Birmingham Six member Paddy Hill says apology 'insult'
One of the six men wrongly convicted of the 1974 Birmingham pub bombings has said an apology from a man who says he was part of the group who planted the bombs was insulting to those bereaved.
Paddy Hill was speaking after Michael Hayes told the BBC he took collective responsibility for the attack.
The Birmingham Six spent 17 years in prison before their convictions were quashed in 1991.
Mr Hill said Hayes speaking out earlier would have done nothing for them.
Explosions at two Birmingham city centre pubs - the Mulberry Bush and Tavern in then Town - killed 21 people in November 1974.
Mr Hill said that in the aftermath of the attacks, an IRA spokesman said that if any of their members were found to have been involved in the bombings they would be court martialled.
"That's why they all [the real bombers] denied it when they went home," he said.
"They were interrogated. They all denied that they had anything to do with the bombings. It was two years later when they actually found out the truth."
He said that if Hayes had handed in himself in at that time it would not have helped the Birmingham Six.
"No, it wouldn't have done, because we'd already been convicted," Mr Hill said.
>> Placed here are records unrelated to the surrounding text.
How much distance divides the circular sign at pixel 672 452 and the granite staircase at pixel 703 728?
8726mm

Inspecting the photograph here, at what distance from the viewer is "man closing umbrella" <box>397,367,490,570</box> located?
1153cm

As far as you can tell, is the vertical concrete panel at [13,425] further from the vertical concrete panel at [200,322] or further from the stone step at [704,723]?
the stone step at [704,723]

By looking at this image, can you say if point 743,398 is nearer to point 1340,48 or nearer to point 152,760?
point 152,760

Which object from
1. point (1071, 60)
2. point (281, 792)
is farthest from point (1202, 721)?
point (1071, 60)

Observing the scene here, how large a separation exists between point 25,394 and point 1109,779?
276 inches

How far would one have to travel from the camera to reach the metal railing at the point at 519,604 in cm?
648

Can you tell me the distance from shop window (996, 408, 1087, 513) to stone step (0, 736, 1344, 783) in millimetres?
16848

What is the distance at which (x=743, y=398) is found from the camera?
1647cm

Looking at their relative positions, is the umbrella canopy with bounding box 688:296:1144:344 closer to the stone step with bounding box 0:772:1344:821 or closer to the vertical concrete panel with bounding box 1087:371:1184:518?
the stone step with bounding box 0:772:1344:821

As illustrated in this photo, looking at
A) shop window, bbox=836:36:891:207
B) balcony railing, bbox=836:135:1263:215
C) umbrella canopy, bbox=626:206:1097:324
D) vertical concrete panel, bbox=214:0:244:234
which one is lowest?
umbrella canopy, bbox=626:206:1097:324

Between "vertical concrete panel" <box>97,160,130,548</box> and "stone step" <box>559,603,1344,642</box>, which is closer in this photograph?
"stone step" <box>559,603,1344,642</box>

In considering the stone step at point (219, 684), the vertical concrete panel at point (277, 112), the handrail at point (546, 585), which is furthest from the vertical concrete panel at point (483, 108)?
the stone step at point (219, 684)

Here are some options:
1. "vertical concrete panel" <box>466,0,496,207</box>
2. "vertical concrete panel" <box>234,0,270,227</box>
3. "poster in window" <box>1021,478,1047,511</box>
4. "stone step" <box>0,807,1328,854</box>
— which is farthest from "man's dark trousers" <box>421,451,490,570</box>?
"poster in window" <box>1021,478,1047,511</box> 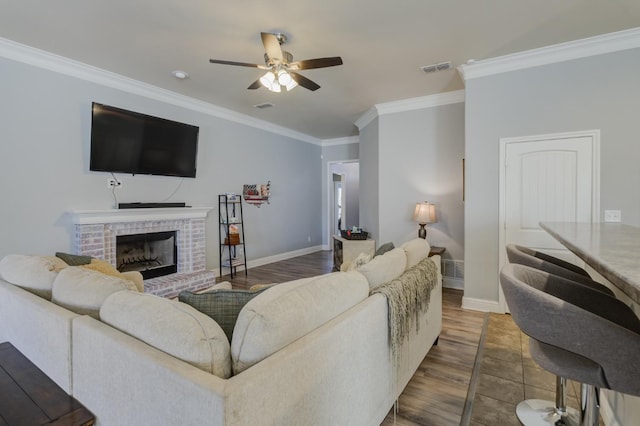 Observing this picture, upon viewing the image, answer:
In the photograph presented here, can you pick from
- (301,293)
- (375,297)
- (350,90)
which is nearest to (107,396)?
(301,293)

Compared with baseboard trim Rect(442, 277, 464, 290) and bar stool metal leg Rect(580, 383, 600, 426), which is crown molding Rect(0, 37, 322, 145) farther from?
bar stool metal leg Rect(580, 383, 600, 426)

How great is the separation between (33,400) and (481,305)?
3.87 meters

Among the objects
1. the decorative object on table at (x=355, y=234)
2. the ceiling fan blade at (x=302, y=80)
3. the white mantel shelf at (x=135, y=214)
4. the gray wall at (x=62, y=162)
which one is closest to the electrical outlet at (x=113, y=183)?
the gray wall at (x=62, y=162)

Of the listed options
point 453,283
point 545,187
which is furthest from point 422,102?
point 453,283

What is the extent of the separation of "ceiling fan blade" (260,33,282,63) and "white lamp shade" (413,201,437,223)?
2.82 metres

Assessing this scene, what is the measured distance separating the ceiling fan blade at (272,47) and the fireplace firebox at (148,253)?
299 centimetres

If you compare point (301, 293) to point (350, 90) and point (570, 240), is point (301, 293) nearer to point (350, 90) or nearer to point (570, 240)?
point (570, 240)

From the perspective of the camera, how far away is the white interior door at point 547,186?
3.14 metres

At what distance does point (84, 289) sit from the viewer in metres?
1.47

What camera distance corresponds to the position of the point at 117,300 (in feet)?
4.19

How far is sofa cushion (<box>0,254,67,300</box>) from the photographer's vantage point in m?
1.70

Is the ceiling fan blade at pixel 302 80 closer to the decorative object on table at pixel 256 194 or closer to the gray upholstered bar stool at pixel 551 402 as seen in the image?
the gray upholstered bar stool at pixel 551 402

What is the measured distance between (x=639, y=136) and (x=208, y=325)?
403 cm

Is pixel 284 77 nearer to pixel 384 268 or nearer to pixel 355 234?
pixel 384 268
"It wouldn't have helped us at all. All the British establishment would've said is that it was an IRA plot to get us out."
Mr Hill described Hayes' apology as "ridiculous".
"That to me is an insult to the people, the families of those who are dead, after all this time," he said.
"I'm just surprised that coming out at this stage 40-odd years later and admitting it, I just don't understand why he's done it now.
"But nonetheless I welcome it, at least it might do something to stop the whispering campaign that it was all about the Birmingham Six from within the British establishment."
Hayes, who now lives in south Dublin, refused to reveal who planted the bombs in the Mulberry Bush and the Tavern in the Town but said he was speaking out to give "the point of view of a participant".
He claimed the bombs had not been intended to kill people, and that he was sorry innocent people were killed.
Relatives of those killed have rejected the apology as "gutless and spineless".
An inquest into the bombings has been re-opened following a campaign by victims' families, who feel they have been denied justice and that their loved ones have been forgotten.
West Midlands Police said their investigation remained open and they would respond to "any new significant information to bring those responsible to justice".